The following are some of the most important consequences of incorporation under the Associations Incorporation Act 1985 (SA).
Note: the Corporate Affairs Commission (referred to below) is part of Consumer and Business Services.
Perpetual Succession [s 20(3)(a)]
Upon incorporation, the association becomes a body corporate with perpetual succession, meaning it can continue to exist indefinitely, regardless of changes to its membership.
Common Seal [s 20(3)(a)]
An incorporated association must have a common seal. For more information about this, see Powers of incorporated associations.
Corporate Name [s 20(3)(a), s 65]
The association's name is chosen by the association, but must be approved by the Corporate Affairs Commission, and is the corporate name appearing on the certificate of incorporation sent to the association by them. The word 'Incorporated' is part of the association's name and must come at the end of the name. The abbreviation 'Inc.' may be used.
Property [s 20(3)(b)]
The ownership of all real and personal property of an unincorporated association is automatically transferred from the members and the trustees, if any, to the newly incorporated association (subject to any trusts that may affect the property).

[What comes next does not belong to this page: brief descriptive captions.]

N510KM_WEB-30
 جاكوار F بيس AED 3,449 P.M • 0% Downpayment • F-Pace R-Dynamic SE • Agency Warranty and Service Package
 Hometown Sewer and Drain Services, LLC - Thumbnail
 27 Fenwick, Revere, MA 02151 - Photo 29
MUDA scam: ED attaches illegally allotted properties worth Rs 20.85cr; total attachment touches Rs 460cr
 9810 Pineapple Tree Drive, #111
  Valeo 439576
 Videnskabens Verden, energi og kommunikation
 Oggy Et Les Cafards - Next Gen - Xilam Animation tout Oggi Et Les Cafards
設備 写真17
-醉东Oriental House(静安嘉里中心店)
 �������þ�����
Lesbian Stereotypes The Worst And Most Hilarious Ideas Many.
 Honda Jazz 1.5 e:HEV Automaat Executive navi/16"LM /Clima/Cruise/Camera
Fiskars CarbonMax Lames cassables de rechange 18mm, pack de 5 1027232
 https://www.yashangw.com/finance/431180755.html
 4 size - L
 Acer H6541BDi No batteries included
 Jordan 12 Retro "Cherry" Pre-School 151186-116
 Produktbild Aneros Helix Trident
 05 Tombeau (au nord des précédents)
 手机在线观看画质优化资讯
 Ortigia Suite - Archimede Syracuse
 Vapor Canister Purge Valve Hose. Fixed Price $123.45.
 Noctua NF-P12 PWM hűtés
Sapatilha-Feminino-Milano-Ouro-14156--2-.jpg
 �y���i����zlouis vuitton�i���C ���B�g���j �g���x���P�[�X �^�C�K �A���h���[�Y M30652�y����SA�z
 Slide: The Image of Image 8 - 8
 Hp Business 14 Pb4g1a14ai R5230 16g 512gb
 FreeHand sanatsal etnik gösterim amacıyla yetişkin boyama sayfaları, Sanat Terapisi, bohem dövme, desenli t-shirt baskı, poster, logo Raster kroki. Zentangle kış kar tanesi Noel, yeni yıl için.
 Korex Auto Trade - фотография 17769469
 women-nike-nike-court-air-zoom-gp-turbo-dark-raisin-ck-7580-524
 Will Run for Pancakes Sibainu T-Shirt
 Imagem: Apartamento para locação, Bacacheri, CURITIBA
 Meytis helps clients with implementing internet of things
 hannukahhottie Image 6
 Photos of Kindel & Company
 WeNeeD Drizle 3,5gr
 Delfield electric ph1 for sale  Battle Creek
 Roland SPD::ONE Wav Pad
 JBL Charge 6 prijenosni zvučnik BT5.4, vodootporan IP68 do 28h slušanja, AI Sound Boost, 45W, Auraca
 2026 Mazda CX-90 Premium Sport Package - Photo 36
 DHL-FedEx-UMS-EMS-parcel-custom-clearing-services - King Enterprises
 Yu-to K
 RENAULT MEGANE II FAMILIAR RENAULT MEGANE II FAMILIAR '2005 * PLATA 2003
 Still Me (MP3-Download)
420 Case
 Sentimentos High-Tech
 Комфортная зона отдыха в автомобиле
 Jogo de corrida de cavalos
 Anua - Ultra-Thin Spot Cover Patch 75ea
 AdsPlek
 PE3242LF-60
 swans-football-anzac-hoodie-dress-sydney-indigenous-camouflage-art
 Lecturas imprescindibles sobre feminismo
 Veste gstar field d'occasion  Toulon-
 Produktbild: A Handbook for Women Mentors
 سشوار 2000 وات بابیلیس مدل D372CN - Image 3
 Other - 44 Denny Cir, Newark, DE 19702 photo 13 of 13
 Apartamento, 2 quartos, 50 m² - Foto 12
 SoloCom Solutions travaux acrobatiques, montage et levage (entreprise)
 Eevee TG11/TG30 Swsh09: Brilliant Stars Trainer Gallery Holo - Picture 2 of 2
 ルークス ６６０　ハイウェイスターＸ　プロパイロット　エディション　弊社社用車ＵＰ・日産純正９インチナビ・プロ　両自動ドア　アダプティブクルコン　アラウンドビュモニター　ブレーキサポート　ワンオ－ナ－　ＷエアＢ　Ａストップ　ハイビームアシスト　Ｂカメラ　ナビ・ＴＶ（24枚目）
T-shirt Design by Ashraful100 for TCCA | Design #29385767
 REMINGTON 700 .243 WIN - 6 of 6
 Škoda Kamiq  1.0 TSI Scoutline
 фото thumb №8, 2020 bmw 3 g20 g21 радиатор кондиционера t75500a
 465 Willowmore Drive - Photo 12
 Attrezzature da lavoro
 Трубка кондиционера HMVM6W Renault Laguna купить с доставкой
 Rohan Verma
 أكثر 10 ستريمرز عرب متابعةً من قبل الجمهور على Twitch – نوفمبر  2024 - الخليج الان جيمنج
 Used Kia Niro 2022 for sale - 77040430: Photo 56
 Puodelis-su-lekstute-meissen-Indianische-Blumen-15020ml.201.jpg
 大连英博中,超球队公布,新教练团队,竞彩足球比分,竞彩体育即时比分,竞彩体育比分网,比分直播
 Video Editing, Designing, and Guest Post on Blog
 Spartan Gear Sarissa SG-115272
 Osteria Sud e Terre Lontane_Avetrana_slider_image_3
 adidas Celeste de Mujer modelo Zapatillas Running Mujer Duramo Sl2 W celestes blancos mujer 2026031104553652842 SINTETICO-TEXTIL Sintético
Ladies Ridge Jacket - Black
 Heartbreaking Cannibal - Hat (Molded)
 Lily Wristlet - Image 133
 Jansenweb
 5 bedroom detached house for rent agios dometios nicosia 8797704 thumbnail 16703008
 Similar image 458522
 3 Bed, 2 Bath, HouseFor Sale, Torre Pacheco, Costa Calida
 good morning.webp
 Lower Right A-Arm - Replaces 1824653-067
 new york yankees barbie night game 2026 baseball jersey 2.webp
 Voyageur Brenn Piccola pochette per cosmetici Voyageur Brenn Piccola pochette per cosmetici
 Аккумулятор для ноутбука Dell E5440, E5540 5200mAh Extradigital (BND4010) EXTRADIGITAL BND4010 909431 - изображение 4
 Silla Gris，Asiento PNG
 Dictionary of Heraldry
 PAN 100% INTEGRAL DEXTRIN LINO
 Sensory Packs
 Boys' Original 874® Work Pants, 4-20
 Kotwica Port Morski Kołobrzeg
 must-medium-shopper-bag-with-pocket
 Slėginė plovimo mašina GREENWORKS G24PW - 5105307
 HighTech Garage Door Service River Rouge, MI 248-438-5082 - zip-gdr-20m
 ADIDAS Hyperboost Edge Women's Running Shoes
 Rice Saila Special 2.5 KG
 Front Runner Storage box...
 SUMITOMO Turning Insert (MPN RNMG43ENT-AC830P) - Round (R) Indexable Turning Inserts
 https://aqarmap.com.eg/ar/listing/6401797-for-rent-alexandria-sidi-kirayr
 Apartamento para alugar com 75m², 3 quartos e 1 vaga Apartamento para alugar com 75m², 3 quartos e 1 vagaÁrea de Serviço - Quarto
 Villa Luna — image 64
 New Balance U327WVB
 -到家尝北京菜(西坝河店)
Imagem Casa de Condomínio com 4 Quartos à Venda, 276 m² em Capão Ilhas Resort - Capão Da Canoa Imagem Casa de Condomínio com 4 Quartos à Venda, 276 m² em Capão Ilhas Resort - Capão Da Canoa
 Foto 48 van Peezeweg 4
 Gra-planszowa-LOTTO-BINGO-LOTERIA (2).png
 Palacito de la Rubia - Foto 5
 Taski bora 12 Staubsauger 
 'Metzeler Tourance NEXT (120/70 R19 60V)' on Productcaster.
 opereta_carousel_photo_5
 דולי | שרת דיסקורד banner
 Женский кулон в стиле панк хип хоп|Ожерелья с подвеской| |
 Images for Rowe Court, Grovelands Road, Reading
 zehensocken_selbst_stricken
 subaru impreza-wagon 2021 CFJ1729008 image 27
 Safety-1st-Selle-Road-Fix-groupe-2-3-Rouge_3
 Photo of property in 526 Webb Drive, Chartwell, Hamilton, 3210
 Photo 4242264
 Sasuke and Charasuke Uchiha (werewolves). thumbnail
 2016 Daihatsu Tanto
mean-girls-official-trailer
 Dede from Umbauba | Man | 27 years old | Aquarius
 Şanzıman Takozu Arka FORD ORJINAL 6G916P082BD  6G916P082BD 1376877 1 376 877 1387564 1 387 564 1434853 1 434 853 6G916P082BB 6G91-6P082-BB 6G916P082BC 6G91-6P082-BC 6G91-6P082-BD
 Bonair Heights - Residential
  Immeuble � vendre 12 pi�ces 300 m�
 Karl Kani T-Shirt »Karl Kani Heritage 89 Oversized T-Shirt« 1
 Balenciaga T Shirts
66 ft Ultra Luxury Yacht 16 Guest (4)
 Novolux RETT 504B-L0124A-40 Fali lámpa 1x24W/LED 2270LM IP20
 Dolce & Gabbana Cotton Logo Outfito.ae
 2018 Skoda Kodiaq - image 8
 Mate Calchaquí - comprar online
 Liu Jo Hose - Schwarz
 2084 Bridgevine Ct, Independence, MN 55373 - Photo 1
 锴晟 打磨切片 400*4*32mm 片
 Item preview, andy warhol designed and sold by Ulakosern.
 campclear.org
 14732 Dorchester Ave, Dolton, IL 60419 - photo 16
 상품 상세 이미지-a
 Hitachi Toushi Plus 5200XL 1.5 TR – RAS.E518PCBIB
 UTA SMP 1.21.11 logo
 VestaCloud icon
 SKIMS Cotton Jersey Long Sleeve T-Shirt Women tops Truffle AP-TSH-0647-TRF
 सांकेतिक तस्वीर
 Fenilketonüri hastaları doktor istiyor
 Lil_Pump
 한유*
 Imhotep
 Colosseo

However, it may still be necessary to register these changes separately (for example, land held by trustees must be transferred to the association and this must be registered at the Lands Titles Office).
Rights and Liabilities [s 20(3)(c), s 21]
The rights or liabilities of an organisation continue and are not 'wiped out' when it incorporates. Any contracts the association was involved in continue to operate. Although members are not personally liable for debts of an incorporated association (unless the rules of the association provide for some liability), they will still be responsible for debts incurred on behalf of the association before incorporation. Members can be required to contribute to the payment of these prior debts.
Profits for members [s 55]
An incorporated association must not make profits for any member of the association or for any associate of a member without the approval of the Corporate Affairs Commission. An association must not pay any money to a member (or any associate of a member) without the Commission's approval. The exceptions to this are reasonable payments for work done for or on behalf of the association, or payments that are incidental to activities carried on by the association in accordance with its objects.